A graphical representation of the Viterbi decoding process for the
sample dialog snippet given in Figure 1. In
this example, the Maximum Entropy Markov Model (MEMM) can be thought as a
sequence of four logistic regression models: 1) client model, 2) counselor
model, 3) counselor model, and 4) client model. The first model uses the client
label (given in the transcript) for the first utterance, U1, to
assign the code CL, as there is no alternative client code in our setting. Then
the second model uses the decision made for U1 (i.e., CL) as a binary
feature in predicting the code for U2 (i.e., CO or RE) along with
other features extracted for U2 (n-grams, etc.), assigning
probabilities to each decision for the second utterance (e.g.
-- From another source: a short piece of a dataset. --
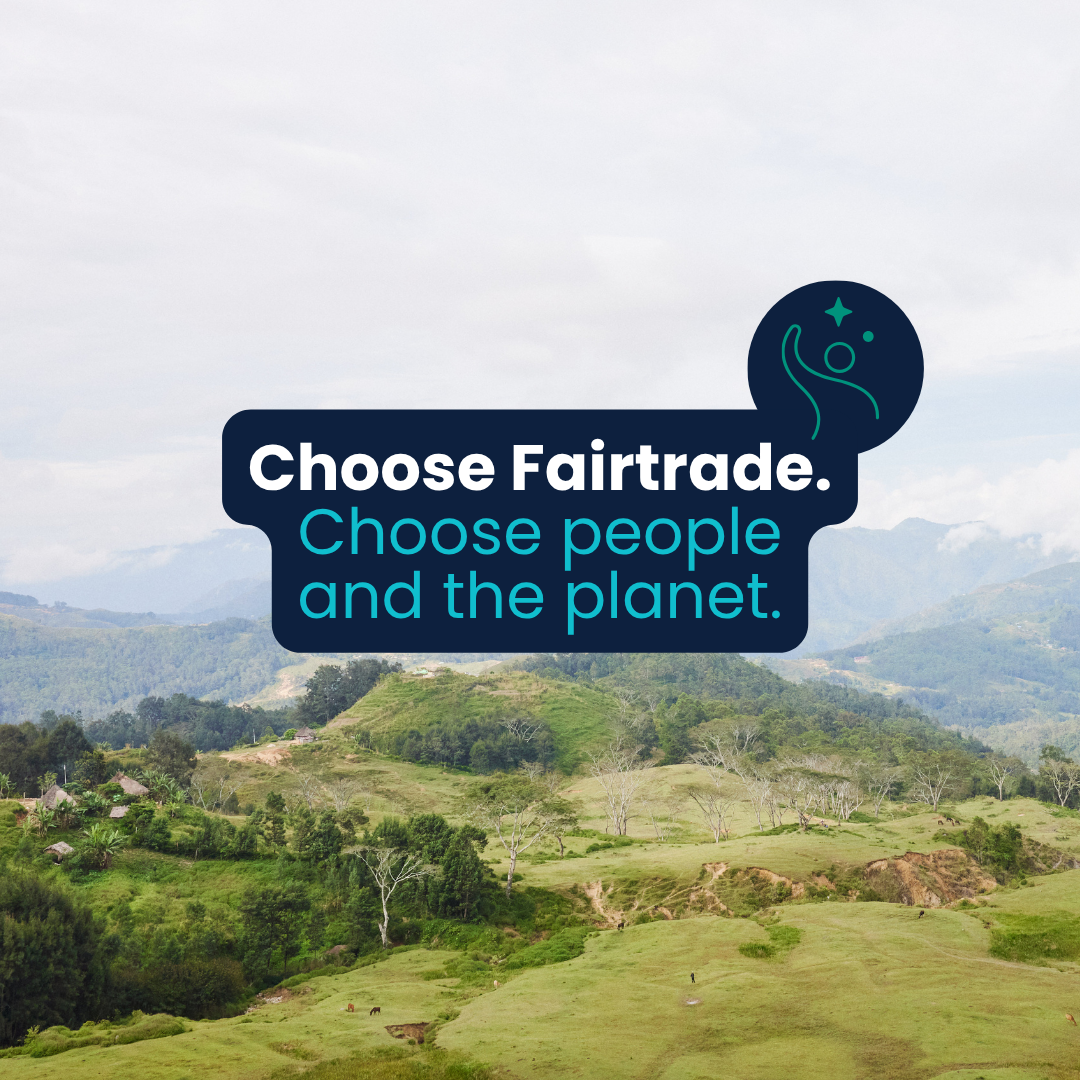 Fairtrade Fortnight 2025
CO/0.6,
RE/0.4).
Similarly, the third model uses the decisions made for the first two
utterances, U1 and U2, as binary features in predicting
the code for U3. Finally the fourth model assigns the code CL to the
last utterance, U4, and the Viterbi algorithm chooses the most likely
sequence of codes for the entire dialog (provided in yellow). The Viterbi
algorithm allows the model to efficiently evaluate alternative code sequences
for earlier utterances that are less likely in isolation but may turn out to be
more likely when considered in the context of later utterances. Note that the
code for U2 was first CO (i.e., not a reflection), but was later
updated to be RE based on the information from U3 and
U4.